WHAT YOU NEED TO DO:
The lines to transcribe begin with the one containing "Schleich Rick das Krokodil Outlet" and end with the last line below; reproduce them exactly, without the pictures.

DATA BLOCK:
=== Begin Enclosure ===
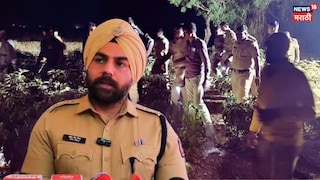 Shirur dahiwadi suspicious death of 12 year old boy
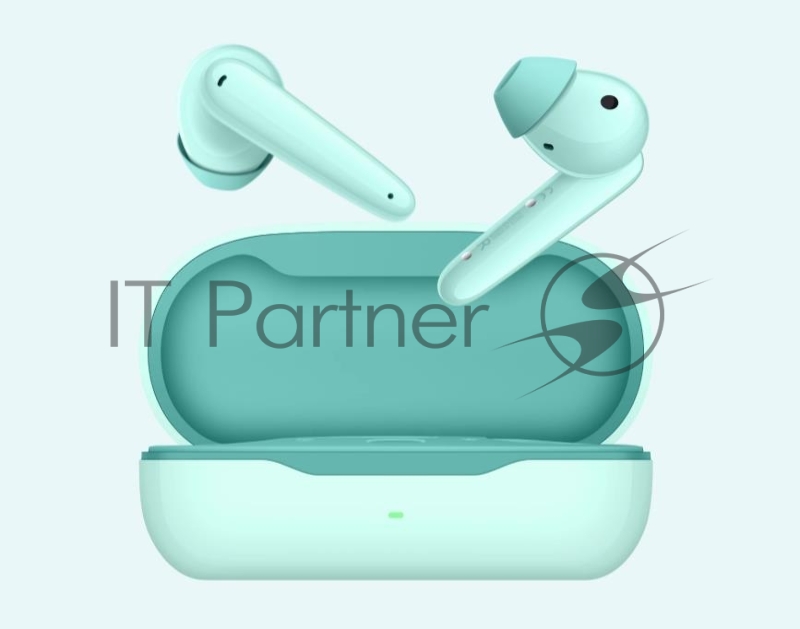 Гарнитура HUAWEI FREEBUDS SE BLUE 55035228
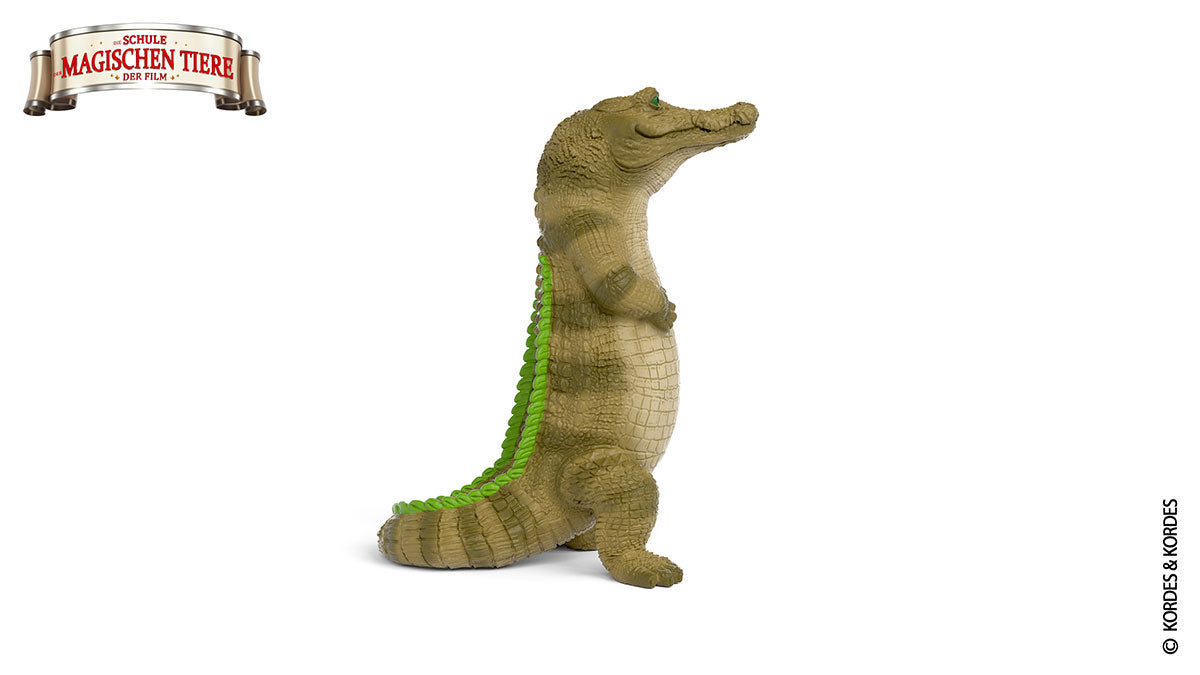Schleich Rick das Krokodil Outlet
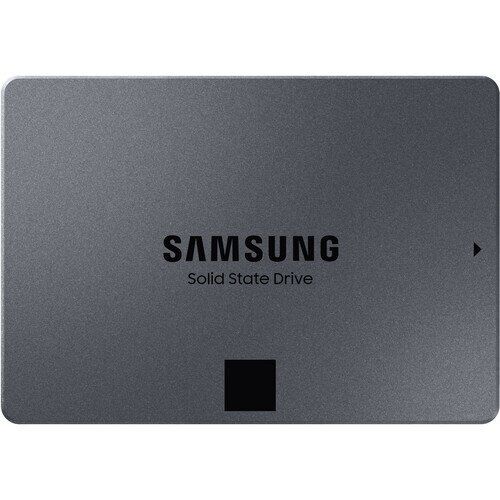 Samsung 870 QVO SATA III 2.5" SSD - 1TB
=== End Enclosure ===
SOLUTION TO THIS EXERCISE:
Schleich Rick das Krokodil Outlet
 Samsung 870 QVO SATA III 2.5" SSD - 1TB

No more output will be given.